• Problem details:
Beneath this line are the data; copy exactly the part of them that opens with the line containing "en el extranjero" and closes with the line containing "Casa no condomínio", and only that part.

• Source data:
════
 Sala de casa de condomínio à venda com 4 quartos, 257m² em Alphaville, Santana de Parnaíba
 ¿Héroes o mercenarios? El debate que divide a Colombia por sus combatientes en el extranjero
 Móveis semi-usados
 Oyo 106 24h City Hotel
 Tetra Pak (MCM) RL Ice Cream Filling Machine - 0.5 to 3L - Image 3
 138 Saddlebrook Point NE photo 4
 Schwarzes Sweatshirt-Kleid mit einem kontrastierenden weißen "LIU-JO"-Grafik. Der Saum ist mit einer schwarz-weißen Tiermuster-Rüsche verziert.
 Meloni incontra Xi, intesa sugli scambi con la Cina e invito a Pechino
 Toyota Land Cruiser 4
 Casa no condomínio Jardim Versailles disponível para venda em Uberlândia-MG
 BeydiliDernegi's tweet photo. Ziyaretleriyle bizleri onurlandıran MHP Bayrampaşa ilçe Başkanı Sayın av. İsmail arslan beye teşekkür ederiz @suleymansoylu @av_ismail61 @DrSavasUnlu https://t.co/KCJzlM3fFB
════
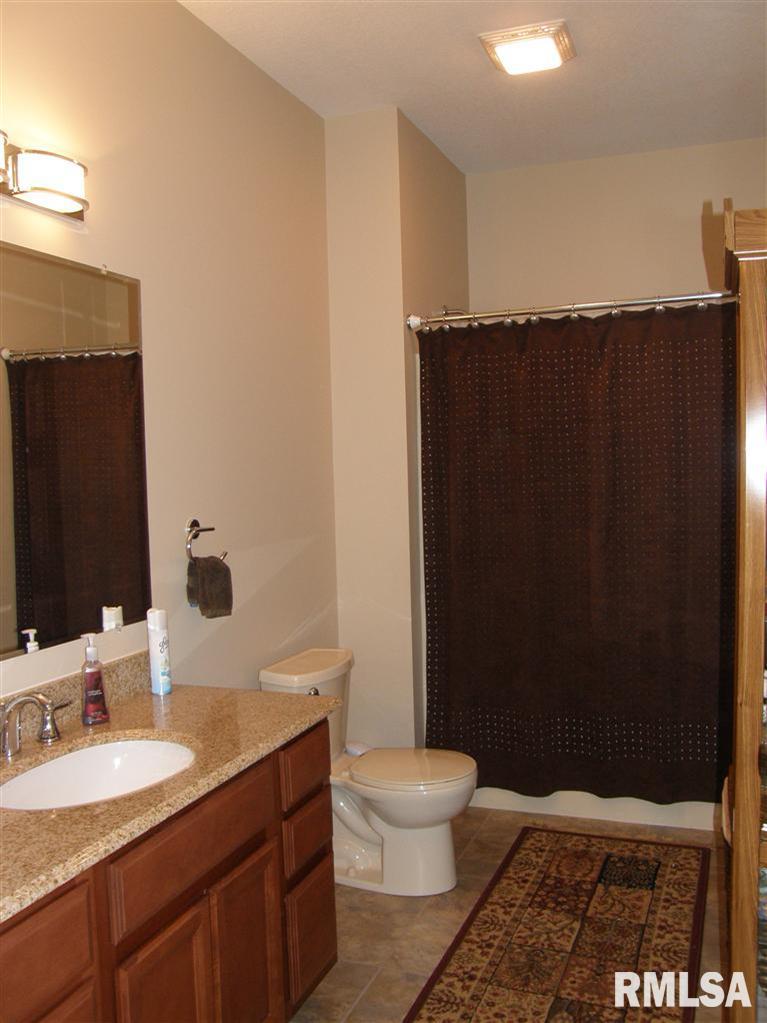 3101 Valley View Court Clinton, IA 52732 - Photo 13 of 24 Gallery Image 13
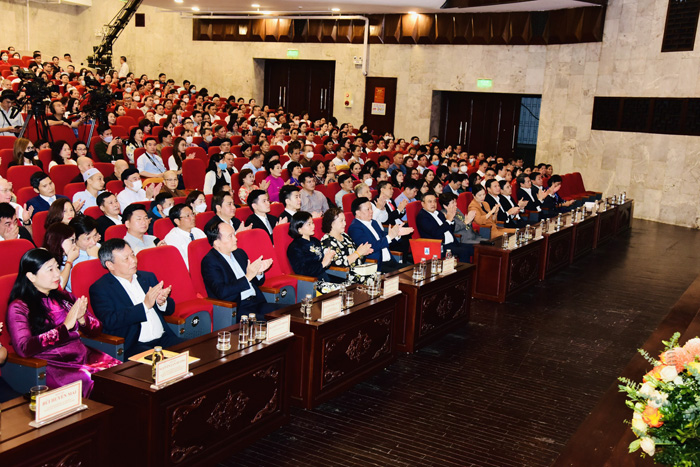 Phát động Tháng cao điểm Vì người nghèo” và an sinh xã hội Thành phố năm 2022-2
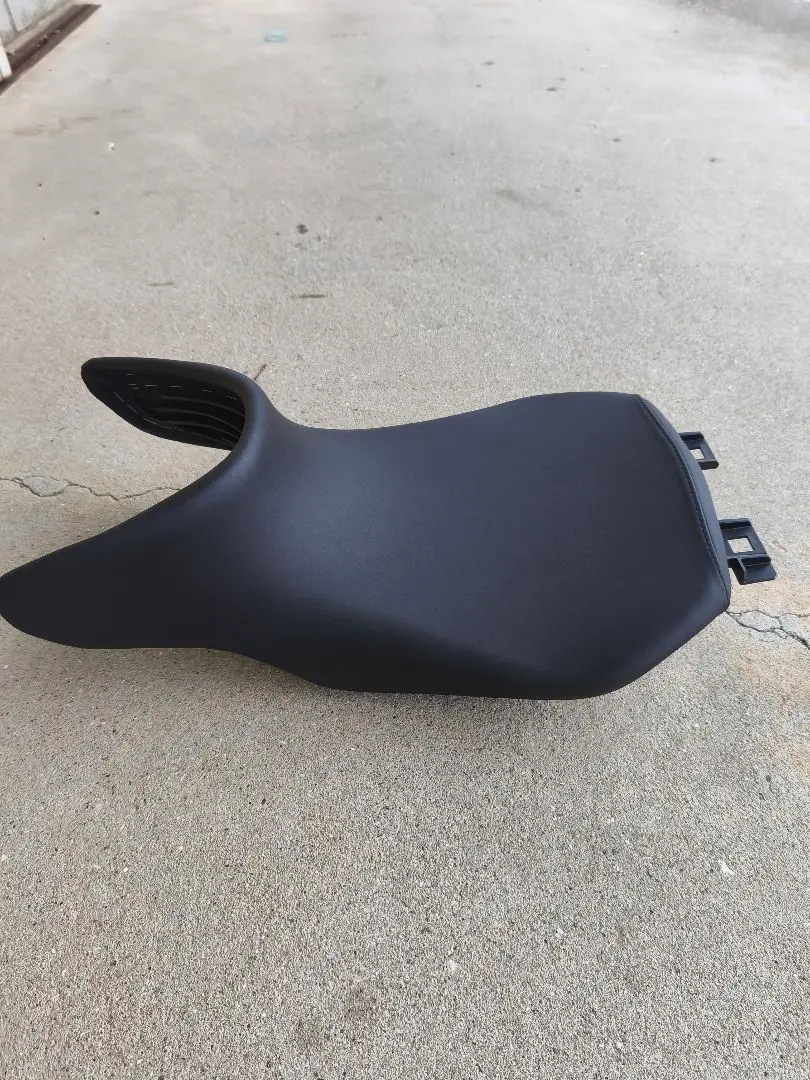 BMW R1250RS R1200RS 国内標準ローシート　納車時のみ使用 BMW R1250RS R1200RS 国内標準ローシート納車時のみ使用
════
• Task response:
 ¿Héroes o mercenarios? El debate que divide a Colombia por sus combatientes en el extranjero
 Móveis semi-usados
 Oyo 106 24h City Hotel
 Tetra Pak (MCM) RL Ice Cream Filling Machine - 0.5 to 3L - Image 3
 138 Saddlebrook Point NE photo 4
 Schwarzes Sweatshirt-Kleid mit einem kontrastierenden weißen "LIU-JO"-Grafik. Der Saum ist mit einer schwarz-weißen Tiermuster-Rüsche verziert.
 Meloni incontra Xi, intesa sugli scambi con la Cina e invito a Pechino
 Toyota Land Cruiser 4
 Casa no condomínio Jardim Versailles disponível para venda em Uberlândia-MG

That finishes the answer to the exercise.